TASK ITEM – In the records below, find the line containing "Studio Loco Dekbedovertrek"; give it again exactly, along with every line that follows, and nothing else.

[Opening RECORDS TO PROCESS section]

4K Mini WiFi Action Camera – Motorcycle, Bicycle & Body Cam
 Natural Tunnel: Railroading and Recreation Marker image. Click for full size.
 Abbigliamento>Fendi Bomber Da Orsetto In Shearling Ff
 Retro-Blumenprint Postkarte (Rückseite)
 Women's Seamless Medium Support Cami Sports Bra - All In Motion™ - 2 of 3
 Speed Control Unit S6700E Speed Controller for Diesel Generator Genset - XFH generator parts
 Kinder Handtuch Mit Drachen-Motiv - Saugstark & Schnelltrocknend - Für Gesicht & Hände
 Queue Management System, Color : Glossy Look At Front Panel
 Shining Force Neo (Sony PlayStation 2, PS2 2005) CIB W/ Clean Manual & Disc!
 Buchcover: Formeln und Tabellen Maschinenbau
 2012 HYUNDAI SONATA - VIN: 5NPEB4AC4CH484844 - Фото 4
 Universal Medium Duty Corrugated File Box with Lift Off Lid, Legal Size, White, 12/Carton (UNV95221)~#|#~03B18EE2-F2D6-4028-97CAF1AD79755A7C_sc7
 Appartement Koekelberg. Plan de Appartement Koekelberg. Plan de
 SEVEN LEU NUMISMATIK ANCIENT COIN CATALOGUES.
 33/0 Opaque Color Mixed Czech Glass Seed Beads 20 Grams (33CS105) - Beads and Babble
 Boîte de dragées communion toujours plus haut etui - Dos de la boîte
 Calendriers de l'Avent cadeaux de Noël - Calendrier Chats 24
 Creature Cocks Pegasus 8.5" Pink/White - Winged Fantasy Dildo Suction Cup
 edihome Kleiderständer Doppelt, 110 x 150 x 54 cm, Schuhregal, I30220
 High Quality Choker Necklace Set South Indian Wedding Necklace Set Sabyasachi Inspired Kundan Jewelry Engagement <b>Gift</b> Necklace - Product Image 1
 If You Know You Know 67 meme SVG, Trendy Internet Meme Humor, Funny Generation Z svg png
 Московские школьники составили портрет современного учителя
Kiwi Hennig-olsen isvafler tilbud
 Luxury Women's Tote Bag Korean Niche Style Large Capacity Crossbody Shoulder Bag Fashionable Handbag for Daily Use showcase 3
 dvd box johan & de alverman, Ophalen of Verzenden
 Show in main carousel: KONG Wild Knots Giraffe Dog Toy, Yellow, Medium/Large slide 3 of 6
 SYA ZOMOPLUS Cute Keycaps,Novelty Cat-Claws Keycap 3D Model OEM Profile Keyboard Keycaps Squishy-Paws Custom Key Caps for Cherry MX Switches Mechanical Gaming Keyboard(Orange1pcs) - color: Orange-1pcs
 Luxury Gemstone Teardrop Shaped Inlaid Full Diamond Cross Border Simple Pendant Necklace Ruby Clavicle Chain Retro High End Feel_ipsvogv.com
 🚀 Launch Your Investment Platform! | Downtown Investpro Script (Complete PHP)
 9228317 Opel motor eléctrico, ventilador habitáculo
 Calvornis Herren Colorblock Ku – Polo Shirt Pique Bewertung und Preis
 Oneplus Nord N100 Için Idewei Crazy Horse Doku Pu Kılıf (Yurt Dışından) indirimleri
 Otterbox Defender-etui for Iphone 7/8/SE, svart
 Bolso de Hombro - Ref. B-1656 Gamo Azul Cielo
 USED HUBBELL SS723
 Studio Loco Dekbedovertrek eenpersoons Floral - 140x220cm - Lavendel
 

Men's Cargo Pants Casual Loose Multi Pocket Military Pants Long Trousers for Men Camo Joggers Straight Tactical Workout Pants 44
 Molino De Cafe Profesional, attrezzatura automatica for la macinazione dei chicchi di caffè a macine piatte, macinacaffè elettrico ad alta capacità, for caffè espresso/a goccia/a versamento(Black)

[Closing RECORDS TO PROCESS section]

ANSWER FOR THIS EXERCISE –
 Studio Loco Dekbedovertrek eenpersoons Floral - 140x220cm - Lavendel
 

Men's Cargo Pants Casual Loose Multi Pocket Military Pants Long Trousers for Men Camo Joggers Straight Tactical Workout Pants 44
 Molino De Cafe Profesional, attrezzatura automatica for la macinazione dei chicchi di caffè a macine piatte, macinacaffè elettrico ad alta capacità, for caffè espresso/a goccia/a versamento(Black)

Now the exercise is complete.